İnsanlar olarak kullandığımız kelimelere verdiğimiz anlamların kurbanlarıyız. “Hoşgörü” ile kimileri “tahammül etmeyi” anlıyor. “Sen başlı başına dert olan kusurlu birisin ama ben seni ‘tolere’ ediyorum, sana tahammül ediyorum”, diyebilir. Örneğin, Osmanlılar Hıristiyanlara hoşgörü ile davrandılar, derken hemen hemen “sineye çektiler” der gibi, “keşke Müslümanlığı seçseydiler” der gibidirler.

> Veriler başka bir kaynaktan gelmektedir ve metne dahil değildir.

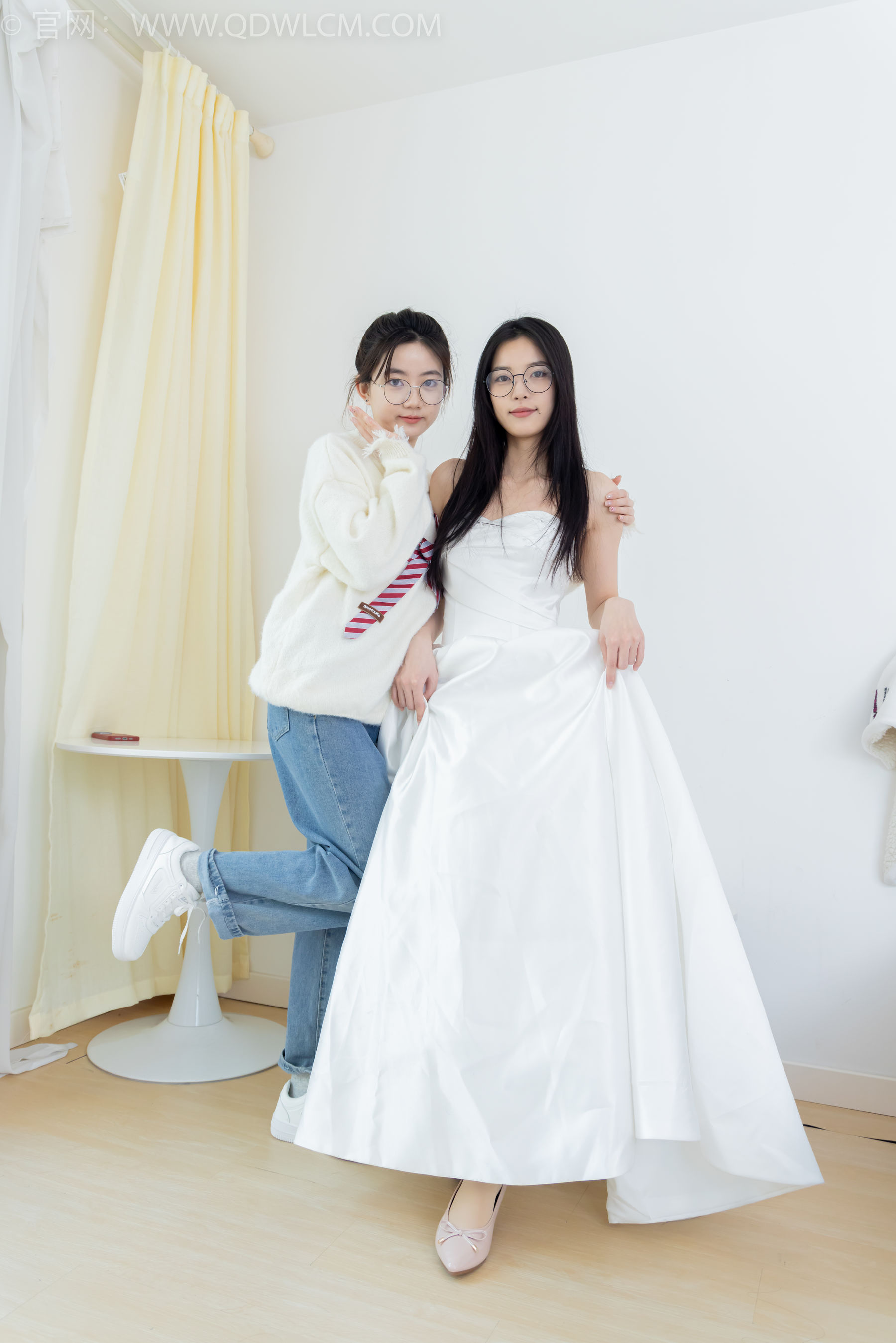 物恋传媒 No.2370 茯苓&欢欢 - 平底鞋、板鞋、厚肉丝、灰色棉袜、薄肉丝/(150P)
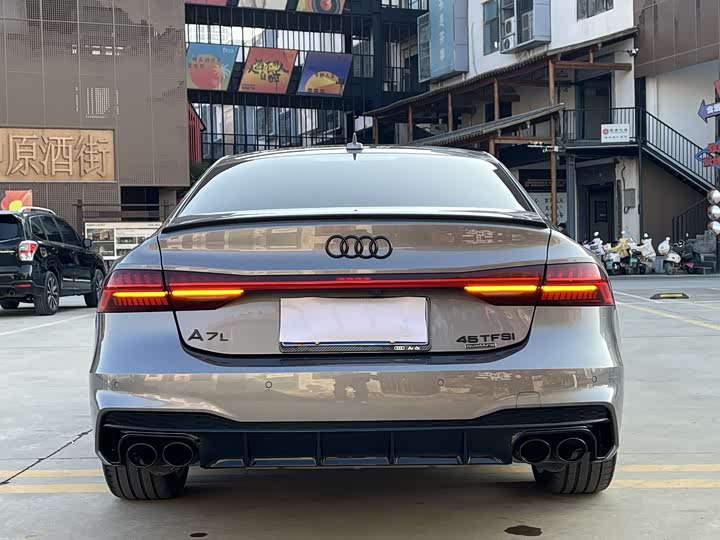 Фото 2 - Audi A7L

Ben bana hoşgörü ile yaklaşılmasını hiç istemedim. Zaten “hoş görülecek” önemli bir kusurumu da görmüyorum. Ama haklarımın tanınmasını hep istedim. Hakkını arayan hoşgörü istemez; yani bağış istemez, tahammül edilmesini istemez; hakkının tanınmasını ister. Hoşgörü üstün olanın asta karşı iyi niyetidir. Ben eşitlikten yanayım.

Türk romanında Rum evlerinin içi anlatılmaz diyorsunuz. Peki ne kadar yer alıyorlar romanlarda?
“Geçmişte bir arada (mutlu) yaşadık” söylemi Türkiye’de oldukça yaygın. Oysa bu yaşam “birlikte” değildi. Rum, Ermeni, Türk köyleri ayrıydı. Ortak olduğundan mahalleler etnik temelde ayrıydı. “Karşılıklı” kız alıp vermek -bu da başka bir sıradan bir söylemdir- hiç olmamıştır. Yalnız Müslümanlar Hıristiyan kız almışlardır. Etnik gruplar arasında ilişkiler de aile temelinde değil, iş alanında olmuştur. Kadınlar “karşılıklı” görüşüyordu ama aile ilişkileri sınırlıydı. Misafirlikler “karşılıklı” değildi.

Farklı etnisiteden olan kimseler pazarda ve çarşıda karşılaşırdı. Bu da Türk romanında açıkça görülür: Türk ve Rumların “ilişkileri” hemen her zaman evin dışında anlatılır. Bunu yazdım doktora tezim olan Türk Romanı ve Öteki adlı kitabımda.